Publication bias regarding the cohort studies

Due to the small number of included cohort studies, funnel plots were not used to assess publication bias.

Discussion

Lung cancer seriously affects the quality of life of patients. Thus, identifying similarities in the occurrence and development of lung cancer is key to identifying methods to reduce the incidence and mortality of affected patients. Since the discovery of the ABO blood group system by Landsteiner (46,47), >20 independent systems have been developed for human erythrocyte surface antigens. Due to its stable heritability, an increasing number of medical researchers are paying attention to its role in the occurrence and development of diseases (57). Multiple researchers have performed studies on the ABO blood group and the risk of lung cancer (15,16).

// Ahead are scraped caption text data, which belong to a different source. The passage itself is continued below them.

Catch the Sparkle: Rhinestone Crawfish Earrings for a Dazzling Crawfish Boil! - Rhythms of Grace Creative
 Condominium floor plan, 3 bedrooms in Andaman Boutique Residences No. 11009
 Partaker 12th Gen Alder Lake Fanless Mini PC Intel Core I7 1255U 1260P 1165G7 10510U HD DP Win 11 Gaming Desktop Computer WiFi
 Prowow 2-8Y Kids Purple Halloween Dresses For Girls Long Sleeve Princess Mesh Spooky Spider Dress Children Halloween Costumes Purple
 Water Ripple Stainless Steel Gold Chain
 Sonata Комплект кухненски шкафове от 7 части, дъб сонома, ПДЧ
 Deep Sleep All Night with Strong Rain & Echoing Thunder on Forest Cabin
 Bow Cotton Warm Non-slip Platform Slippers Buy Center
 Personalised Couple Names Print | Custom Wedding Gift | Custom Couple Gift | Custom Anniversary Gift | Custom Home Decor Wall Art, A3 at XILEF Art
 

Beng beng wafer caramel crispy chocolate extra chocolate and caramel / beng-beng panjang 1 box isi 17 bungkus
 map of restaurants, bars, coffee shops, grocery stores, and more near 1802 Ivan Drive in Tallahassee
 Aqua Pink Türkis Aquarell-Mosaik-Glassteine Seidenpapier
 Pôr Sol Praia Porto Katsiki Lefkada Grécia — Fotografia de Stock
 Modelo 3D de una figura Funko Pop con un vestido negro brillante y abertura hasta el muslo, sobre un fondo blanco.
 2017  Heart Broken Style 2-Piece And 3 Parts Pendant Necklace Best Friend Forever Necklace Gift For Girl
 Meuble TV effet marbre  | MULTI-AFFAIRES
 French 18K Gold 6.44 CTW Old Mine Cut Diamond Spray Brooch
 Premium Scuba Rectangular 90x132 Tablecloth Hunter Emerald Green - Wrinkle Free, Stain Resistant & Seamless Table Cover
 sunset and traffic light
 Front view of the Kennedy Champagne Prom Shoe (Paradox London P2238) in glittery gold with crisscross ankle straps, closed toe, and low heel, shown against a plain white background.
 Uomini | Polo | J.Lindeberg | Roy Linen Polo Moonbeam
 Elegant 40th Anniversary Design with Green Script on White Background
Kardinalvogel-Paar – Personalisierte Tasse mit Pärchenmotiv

The present study comprehensively analyzed the influence of the ABO blood classification on the risk of lung cancer. By reviewing all eligible case-controlled studies, it was determined that blood type A was associated with the occurrence of lung cancer, and that this blood type may be a risk factor for lung cancer. The other blood types were not associated with the overall risk of lung cancer. In addition, to further explore the impact of ethnicity and source of control, subgroup analyses were performed. The results showed that type A blood was heterogeneous regarding ethnicity and source of control. These results were obtained when the study ethnicity was Chinese or the control group was from the social population. In addition, type O blood was determined to be a protective factor for lung cancer in Caucasian individuals. In Chinese individuals, type O blood had no effect on the prevalence of lung cancer. TSA results suggested that the sample size of the case-controlled study was sufficient; thus, additional case-controlled studies are not needed. Furthermore, the results from the cohort studies suggested that blood type was not associated with the risk of lung cancer.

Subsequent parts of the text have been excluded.